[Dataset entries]

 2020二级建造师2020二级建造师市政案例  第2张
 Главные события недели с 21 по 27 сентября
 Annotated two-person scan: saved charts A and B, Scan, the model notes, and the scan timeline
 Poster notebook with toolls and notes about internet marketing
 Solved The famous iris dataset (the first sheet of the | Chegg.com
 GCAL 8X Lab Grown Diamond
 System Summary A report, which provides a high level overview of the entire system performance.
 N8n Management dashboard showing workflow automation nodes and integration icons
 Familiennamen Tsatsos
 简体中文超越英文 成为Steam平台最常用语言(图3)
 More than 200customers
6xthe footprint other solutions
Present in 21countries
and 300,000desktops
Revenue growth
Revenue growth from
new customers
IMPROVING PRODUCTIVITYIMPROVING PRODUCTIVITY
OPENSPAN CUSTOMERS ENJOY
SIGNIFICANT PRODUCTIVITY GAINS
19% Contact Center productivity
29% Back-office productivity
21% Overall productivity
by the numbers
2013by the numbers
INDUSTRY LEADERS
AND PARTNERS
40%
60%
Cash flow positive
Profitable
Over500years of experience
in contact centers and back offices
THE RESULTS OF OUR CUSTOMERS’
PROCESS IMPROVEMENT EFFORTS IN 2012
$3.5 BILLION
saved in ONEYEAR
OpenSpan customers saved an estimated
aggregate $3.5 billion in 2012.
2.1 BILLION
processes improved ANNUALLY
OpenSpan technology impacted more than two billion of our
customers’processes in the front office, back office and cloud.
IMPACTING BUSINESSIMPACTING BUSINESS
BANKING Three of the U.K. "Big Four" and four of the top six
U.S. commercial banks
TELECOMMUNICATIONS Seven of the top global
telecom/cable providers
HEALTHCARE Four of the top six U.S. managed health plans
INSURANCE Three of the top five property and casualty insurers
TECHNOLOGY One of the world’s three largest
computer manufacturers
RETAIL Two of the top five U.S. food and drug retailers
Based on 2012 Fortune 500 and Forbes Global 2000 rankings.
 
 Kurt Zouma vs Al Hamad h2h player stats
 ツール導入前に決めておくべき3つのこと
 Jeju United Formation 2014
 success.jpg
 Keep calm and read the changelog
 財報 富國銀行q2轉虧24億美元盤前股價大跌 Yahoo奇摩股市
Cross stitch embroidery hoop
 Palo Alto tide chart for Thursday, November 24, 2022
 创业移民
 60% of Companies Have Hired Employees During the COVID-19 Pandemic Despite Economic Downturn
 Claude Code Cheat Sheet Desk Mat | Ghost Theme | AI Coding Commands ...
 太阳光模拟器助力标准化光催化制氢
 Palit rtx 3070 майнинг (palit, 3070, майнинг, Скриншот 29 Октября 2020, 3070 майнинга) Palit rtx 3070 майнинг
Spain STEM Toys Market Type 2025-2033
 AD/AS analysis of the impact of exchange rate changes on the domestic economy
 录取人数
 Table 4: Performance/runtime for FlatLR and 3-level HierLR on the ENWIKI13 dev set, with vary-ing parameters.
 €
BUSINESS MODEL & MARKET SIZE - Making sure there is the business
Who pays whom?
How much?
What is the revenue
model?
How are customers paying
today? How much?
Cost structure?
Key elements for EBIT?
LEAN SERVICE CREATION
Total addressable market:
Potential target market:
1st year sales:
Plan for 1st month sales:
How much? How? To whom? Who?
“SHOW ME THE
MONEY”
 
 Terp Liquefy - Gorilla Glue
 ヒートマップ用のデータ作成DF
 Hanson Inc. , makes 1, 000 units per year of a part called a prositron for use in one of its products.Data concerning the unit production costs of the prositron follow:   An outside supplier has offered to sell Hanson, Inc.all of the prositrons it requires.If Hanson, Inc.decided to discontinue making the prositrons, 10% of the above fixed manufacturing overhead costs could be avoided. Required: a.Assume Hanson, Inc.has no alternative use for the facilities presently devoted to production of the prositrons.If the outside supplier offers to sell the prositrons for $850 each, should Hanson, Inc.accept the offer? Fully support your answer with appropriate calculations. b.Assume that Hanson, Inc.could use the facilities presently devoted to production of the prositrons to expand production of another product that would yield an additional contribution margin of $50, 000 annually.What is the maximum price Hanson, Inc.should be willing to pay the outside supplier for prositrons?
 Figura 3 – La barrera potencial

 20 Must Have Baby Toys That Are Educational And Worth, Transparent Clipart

- _Activity_:
Among the records, find all lines that include the string "whom" and return them.

- _Exercise answer_:
Who pays whom?
How much? How? To whom? Who?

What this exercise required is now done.